HINT: We did this in week 3.
df <- X2018_UCR_PA %>%
rename(violent.crime = 'Violent\r\ncrime') %>%
rename(murder.manslaughter = 'Murder and\r\nnonnegligent\r\nmanslaughter') %>%
rename(aggravated.assault = 'Aggravated\r\nassault') %>%
rename(property.crime = 'Property\r\ncrime') %>%
rename(larceny.theft = 'Larceny-\r\ntheft') %>%
rename(motor.theft = 'Motor\r\nvehicle\r\ntheft')
summary(df)
## City Population violent.crime murder.manslaughter
## Length:989 Min. : 132 Min. : 0.00 Min. : 0.0000
## Class :character 1st Qu.: 2066 1st Qu.: 1.00 1st Qu.: 0.0000
## Mode :character Median : 4320 Median : 5.00 Median : 0.0000
## Mean : 10054 Mean : 34.16 Mean : 0.6977
## 3rd Qu.: 9088 3rd Qu.: 15.00 3rd Qu.: 0.0000
## Max. :1586916 Max. :14420.00 Max. :351.0000
## Rape Robbery aggravated.assault property.crime
## Min. : 0.000 Min. : 0.000 Min. : 0.00 Min. : 0.0
## 1st Qu.: 0.000 1st Qu.: 0.000 1st Qu.: 1.00 1st Qu.: 9.0
## Median : 0.000 Median : 0.000 Median : 4.00 Median : 40.0
## Mean : 2.971 Mean : 9.449 Mean : 21.05 Mean : 164.6
## 3rd Qu.: 1.000 3rd Qu.: 2.000 3rd Qu.: 11.00 3rd Qu.: 105.0
## Max. :1095.000 Max. :5262.000 Max. :7712.00 Max. :49145.0
## Burglary larceny.theft motor.theft Arson
## Min. : 0.00 Min. : 0.0 Min. : 0.00 Min. : 0.000
## 1st Qu.: 1.00 1st Qu.: 7.0 1st Qu.: 0.00 1st Qu.: 0.000
## Median : 5.00 Median : 32.0 Median : 1.00 Median : 0.000
## Mean : 21.42 Mean : 131.3 Mean : 11.84 Mean : 1.147
## 3rd Qu.: 12.00 3rd Qu.: 89.0 3rd Qu.: 4.00 3rd Qu.: 0.000
## Max. :6497.00 Max. :36968.0 Max. :5680.00 Max. :430.000
Create a new variable called violent_crime_rate as you did in questions 2c and 2d.
violent_crime_rate <- (df$violent.crime/df$Population)*100000
df_rate <- df %>%
mutate(violent_crime_rate = (df$violent.crime/df$Population)*100000)
head(df_rate)
## # A tibble: 6 × 13
## City Population violent.crime murder.manslaughter Rape Robbery
## <chr> <dbl> <dbl> <dbl> <dbl> <dbl>
## 1 Abington Township,… 55631 44 1 6 12
## 2 Adamstown 1857 3 0 0 0
## 3 Adams Township, Bu… 14105 3 0 0 0
## 4 Adams Township, Ca… 5581 0 0 0 0
## 5 Akron 4015 7 0 1 0
## 6 Albion 1466 0 0 0 0
## # ℹ 7 more variables: aggravated.assault <dbl>, property.crime <dbl>,
## # Burglary <dbl>, larceny.theft <dbl>, motor.theft <dbl>, Arson <dbl>,
## # violent_crime_rate <dbl>
Create a histogram based on violent_crime_rate.
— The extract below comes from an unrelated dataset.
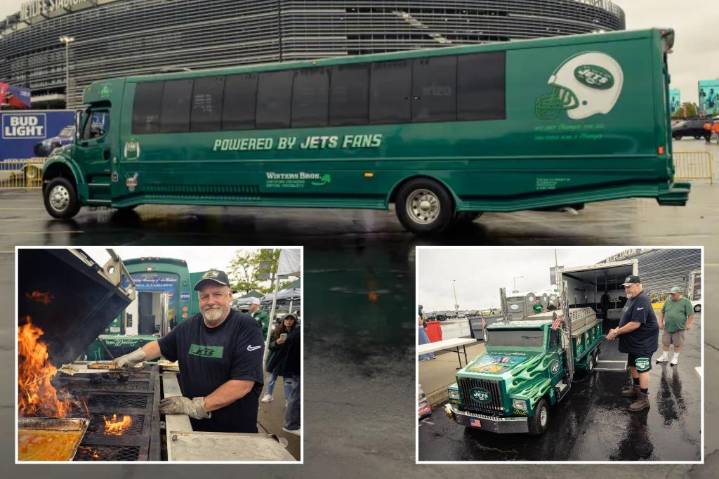 Inside Jets superfan's insane tailgate with 'electrical hydraulic' truck
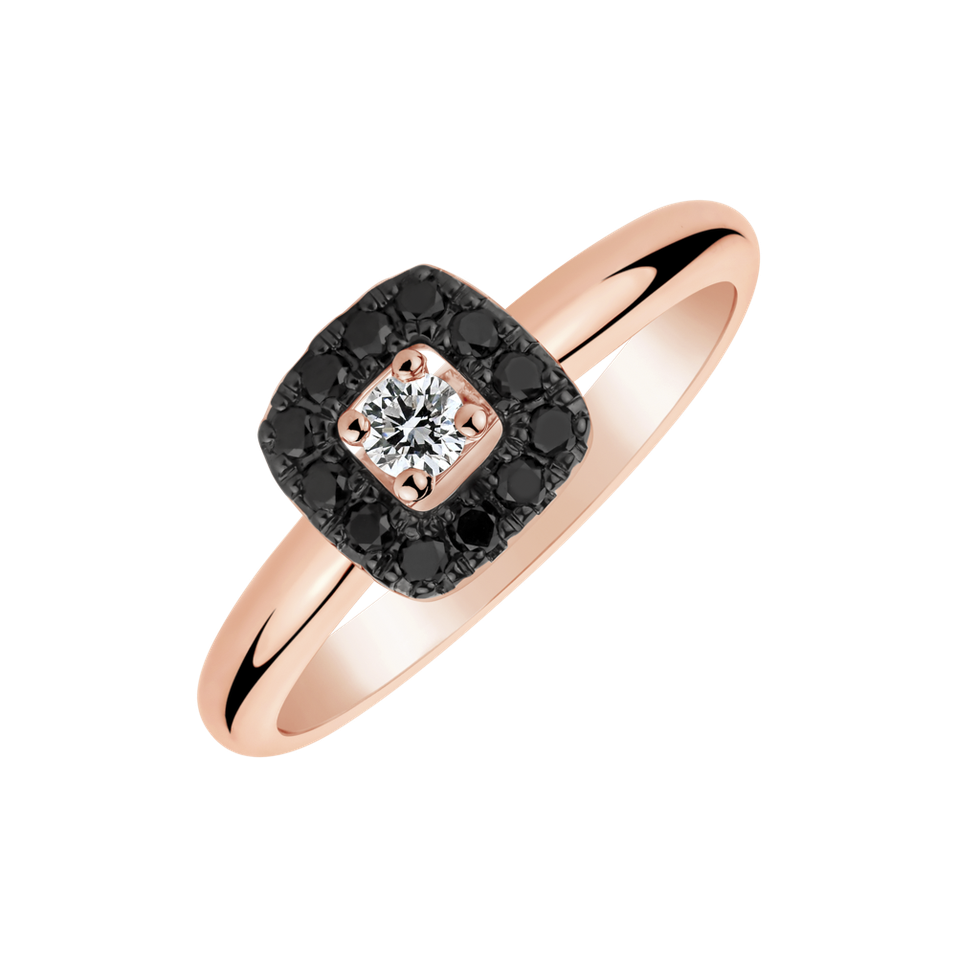 Ring with black and white diamonds Charming Space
HINT: See page 31 in Basic Statistics using R
crime.rate.table <- df_rate %>%
ggplot(aes(x = violent_crime_rate, fill = ..count..)) +
geom_histogram() +
labs(x = "Crime rates", y = "Frequency", title = "Distribution of Crime Rates") +
theme_minimal()
crime.rate.table
## Warning: The dot-dot notation (`..count..`) was deprecated in ggplot2 3.4.0.
## ℹ Please use `after_stat(count)` instead.
## This warning is displayed once every 8 hours.
## Call `lifecycle::last_lifecycle_warnings()` to see where this warning was
## generated.
## `stat_bin()` using `bins = 30`. Pick better value `binwidth`.
Knit this Rmarkdown file and submit it via the link in the week 6 folder.